PAINTING
Painting, n. The art of protecting flat
surfaces from the weather and exposing them to the critic.
AMBROSE BIERCE
PALEY, WILLIAM
He looks like a man who has just swallowed an entire
human being.
TRUMAN CAPOTE
PANAMA
It’s not like they make or grow anything. The whole
country is based on international banking and a canal the United
States can take back any time it wants with one troop of Boy
Scouts.
P. J. O’ROURKE
PARANOIA
A paranoid is a man who knows a little of what’s
going on.
WILLIAM BURROUGHS
Even paranoids have real enemies.
DELMORE SCHWARTZ
PARENTHOOD
There are times when parenthood seems nothing but
feeding the mouth that bites you.
PETER DE VRIES
There may be some doubt as to who are the best people
to have charge of children, but there can be no doubt that parents
are the worst.
GEORGE BERNARD SHAW
The only people who seem to have nothing to do with
the education of the children are the parents.
G. K. CHESTERTON
Some people seem compelled by unkind fate to parental
servitude for life. There is no form of penal servitude worse than
this.
SAMUEL BUTLER
The Jewish man with parents alive is a
fifteen-year-old boy and will remain a fifteen-year-old boy until
they die.
PHILIP ROTH
Parents were invented to make children happy by
giving them something to ignore.
OGDEN NASH
They fuck you up, your mum and dad . . . .
PHILIP LARKIN
PÂTÉ
It scored right away with me by being the smooth,
fine-grained sort, not the coarse, flaky, dry-on-the-outside
rubbish full of chunks of gut and gristle to testify to its
authenticity.
KINGSLEY AMIS
PATIENCE
Patience, n. A minor form of despair,
disguised as a virtue.
AMBROSE BIERCE
You must first have a lot of patience to learn to
have patience.
STANISLAW J. LEC
PATRIOTISM
Patriotism is the last refuge of a scoundrel.
SAMUEL JOHNSON
In Dr.

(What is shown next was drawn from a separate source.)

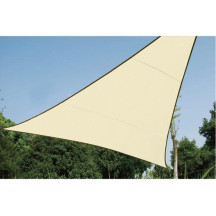 Voile solaire perméable - triangle - 5 x 5 x 5 m - couleur : champagne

Johnson’s famous dictionary, patriotism is
defined as the last resort of a scoundrel. With all due respect to
an enlightened but inferior lexicographer, I beg to submit that it
is the first.
AMBROSE BIERCE
Patriotism is the willingness to kill and be killed
for trivial reasons.
BERTRAND RUSSELL
When you hear a man speak of his love for his
country, it is a sign that he expects to be paid for it.
H. L. MENCKEN
“My country right or wrong” is like saying, “My
mother drunk or sober.”
G. K. CHESTERTON
Patriotism is a pernicious, psychopathic form of
idiocy.
GEORGE BERNARD SHAW
Patriotism is the virtue of the vicious.
OSCAR WILDE
Patriotism is often an arbitrary veneration of real
estate above principles.
GEORGE JEAN NATHAN
Patriotism is your conviction that this country is
superior to all other countries because you were born in it.
GEORGE BERNARD SHAW
Love makes fools, marriage cuckolds, and patriotism
malevolent imbeciles.
PAUL LEAUTAUD
A patriot must always be ready to defend his country
against his government.
EDWARD ABBEY
PEACE
Peace, n. In international affairs, a period
of cheating between two periods of fighting.
AMBROSE BIERCE
PEOPLE
It is absurd to divide people into good and bad.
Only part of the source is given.